«В науке, как и в бизнесе, существует стратегия «голубого океана»: как создать в России прорывную технологию

Илья Бозо рассказал о том, как государство помогает молодым ученым

Григорий Сысоев/РИА Новости
Два года назад российские ученые запустили производство первого в мире материала для восстановления костной ткани с помощью генной терапии. Показательно, что Илья Бозо, один из авторов разработки, подключился к исследованиям еще со студенческой скамьи, а сейчас он — кандидат медицинских наук, заведует отделением в Научно-клиническом центре №2 Российского научного центра хирургии имени Б.В. Петровского. Он рассказал «Газете.Ru», как государство поддерживает инновационные разработки молодых ученых и что важно понимать начинающим исследователям.

— Ваша разработка стала шагом вперед в области регенерации костной ткани. Сегодня этот ген-активированный материал не имеет аналогов в мире. Как вы оказались на переднем крае медицинских исследований?

— Сама идея стимулировать регенерацию тканей с помощью комбинированных медицинских материалов с факторами роста или кодирующими их генами, возникла еще в конце прошлого века. Первый патент на создание ген-активированного материала был выдан в 1997 году в США. В России исследования в этой области мы начали первыми. У истоков стояли Роман Деев, начальник моего курса в Военно-медицинской академии им. С.М. Кирова, профессор Сергей Киселев, заведующий лабораторией Института общей генетики имени Н. И. Вавилова РАН и Артур Исаев, основатель Института стволовых клеток человека. Это было в 2010 году, когда я еще заканчивал учебу в академии.
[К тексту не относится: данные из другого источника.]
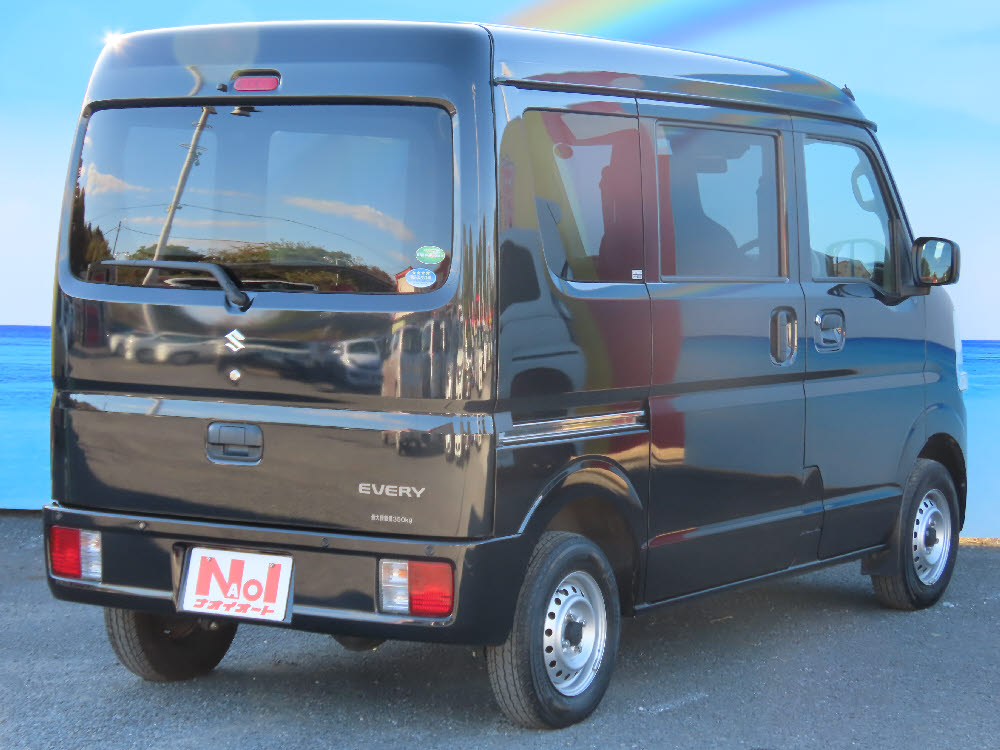 スズキ　エブリィバンPCリミテッドセーフティーサポート4枚目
Мне повезло принять участие в этих исследованиях с самого начала. Первоначально я выступал в качестве менеджера проекта, затем мы создали оригинальную технологическую платформу ген-активированных материалов, защитили их патентами, в том числе международными, и с 2015 года я возглавил команду исследователей, с которыми мы на базе этой платформы разрабатываем линейку продуктов для регенерации костной и кожных тканей, слизистых оболочек.
Ген-активированный материал состоит из двух основных компонентов. Первый, так называемый матрикс, выполняет функцию биосовместимого носителя — он механически заполняет дефект тканей и высвобождает второй компонент – молекулы генных конструкций, которые непосредственно стимулируют регенерацию тканей.

— Ген-активированный материал «Гистографт» первым в мире прошел клинические испытания и разрешен для применения в медицинской практике. Кому и как помогает этот материал, что изменило его появление в арсенале инструментов российской медицины?
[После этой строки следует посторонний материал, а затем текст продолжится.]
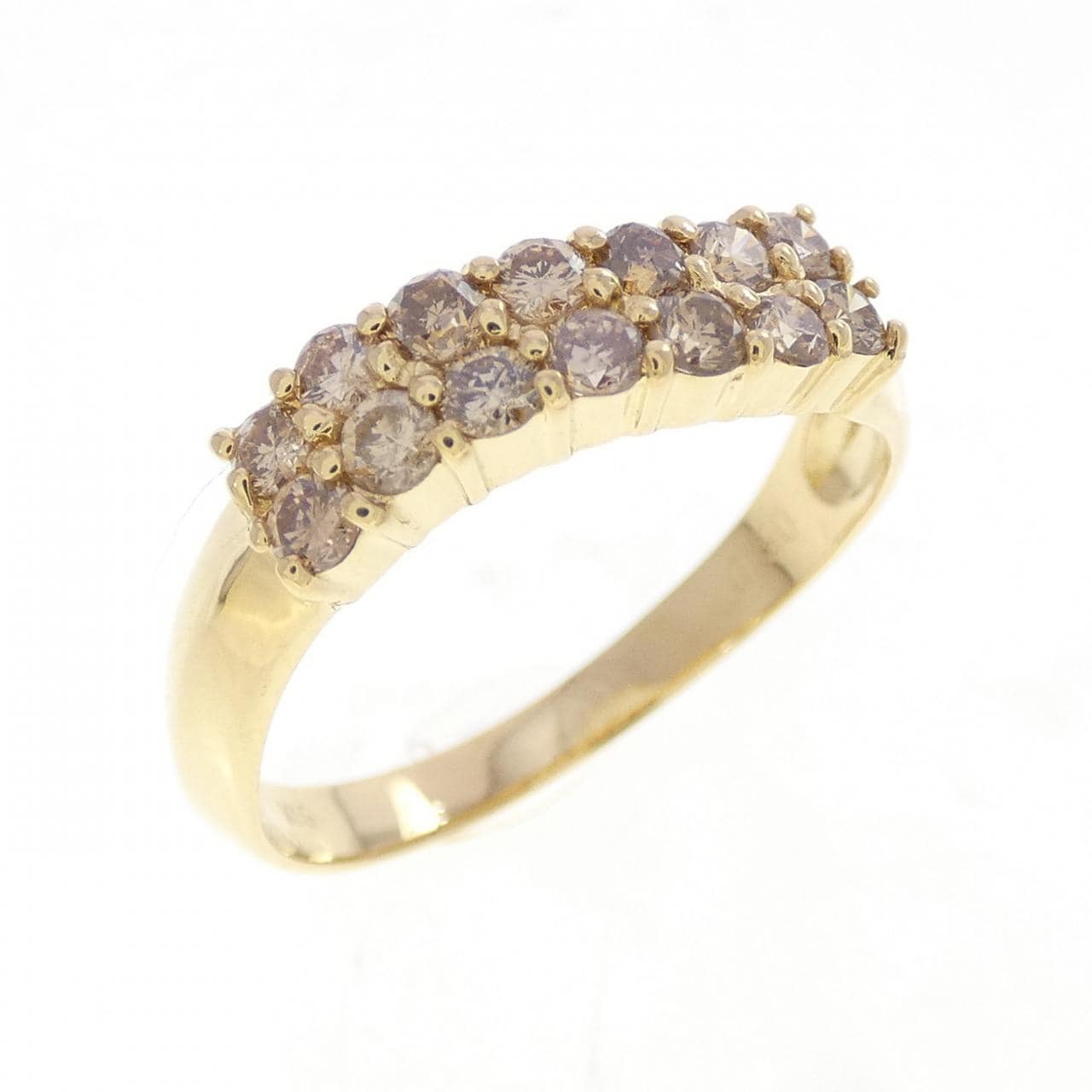 K18YG ダイヤモンド リング 0.50CT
— Первый продукт линейки уже прошел клинические исследования и зарегистрирован в 2019 году в качестве медицинского изделия, применяется в медицинской практике. Это остеопластический материал «Гистографт». В этом изделии в качестве матрикса мы используем синтетические гранулы на основе октакальциевого фосфата. Их разработал и производит наш партнер — Институт металлургии и материаловедения им. А. А. Байкова Российской академии наук, а точнее, научная группа под руководством профессора Владимира Комлева.

На поверхность этих гранул наносят генную конструкцию, которую еще называют фармацевтической молекулой или плазмидной ДНК — синонимов здесь может быть масса. Суть в том, что этот компонент содержит человеческий ген сосудистого эндотелиального фактора роста, который используют клетки тканей человека и производят кодируемый этим геном белок. В нашем конкретном случае это белок необходим для формирования костной ткани. Гранулы помещают в область поврежденной по той или иной причине кости, ускоряя и улучшая процесс восстановления костной ткани.
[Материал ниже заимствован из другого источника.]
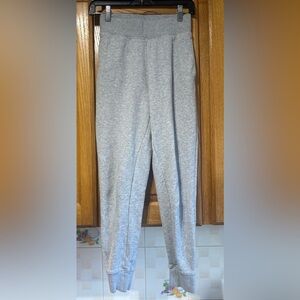 TNA Aritzia Airy AF Heather Gray Sweatpants XS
Прежде всего наш ген-активированный материал используется при имплантации зубов, когда пациенту надо нарастить атрофированную или разрушенную область челюсти. Также «Гистографт» используется в челюстно-лицевой хирургии для лечения последствий травм, восстановления костной ткани, поврежденной кистами и опухолями. В травматологии и ортопедии ген-активированный материал помогает исправлять дефекты, которые образуются в результате не сросшихся переломов.

— Какое значение ваша разработка имеет для российской медицины с точки зрения импортозамещения? Какие потребности она позволяет закрыть?

— С точки зрения импортозамещения у созданного нами ген-активированого материала перспективы очень серьезные. Сейчас только в стоматологии и челюстно-лицевой хирургии на долю импорта в России приходится примерно 70 процентов материалов для костной пластики. Причем около половины этого рынка занимает линейка одной швейцарской компании. Кончено, это рискованно для технологического суверенитета России.

Сейчас российские производители понемногу начинают составлять конкуренцию иностранным компаниям на рынке материалов для костной пластики, поставляя продукцию, которая не уступает по качеству.

Но в технологическом плане наша разработка сейчас опережает всех, и российских, и иностранных производителей. Все остальные материалы не стимулируют регенерацию собственных тканей пациента, это либо синтетические материалы, либо изделия из фрагментов костей. По сути все это просто протезы, «остеокондукторы» — материалы, лишь механически замещающие дефекты костей и не способные повлиять на регенерацию костной ткани.

Мы недавно увеличили свои производственные мощности благодаря гранту государственного Фонда содействия инновациям (Фонд содействия развитию малых форм предприятий в научно-технической сфере — прим. редакции). Думаю, на ближайшие год-два наших возможностей хватит, чтобы удовлетворить спрос. Если мощностей будет не хватать, мы найдем возможность расшириться. Важно и то, что технологическая цепочка для производства нашего ген-активированного материала не зависит от импортных поставок.

— Ваша разработка уже более двух лет применятся в челюстно-лицевой хирургии, травматологии и ортопедии, хирургической стоматологии. Сколько клиник в стране ее сейчас используют? Как много пациентов благодаря этой технологии смогли восстановить свое здоровье? Какие отзывы вы получаете от врачей, которые применяют ваш ген-активированный материал?

— Сейчас наш ген-активированный материал применяют не менее ста медицинских клиник, с 2020 года его использовали для лечения более чем трех тысяч пациентов. Врачи, которые испробовали его на практике, отмечают простоту использования, прогнозируемость результата, отсутствие побочных эффектов. К тому же как материал отечественного производства «Гистографт» всегда доступен для приобретения, его не надо подолгу ждать, как некоторые импортные материалы, и по цене он у них бесспорно выигрывает.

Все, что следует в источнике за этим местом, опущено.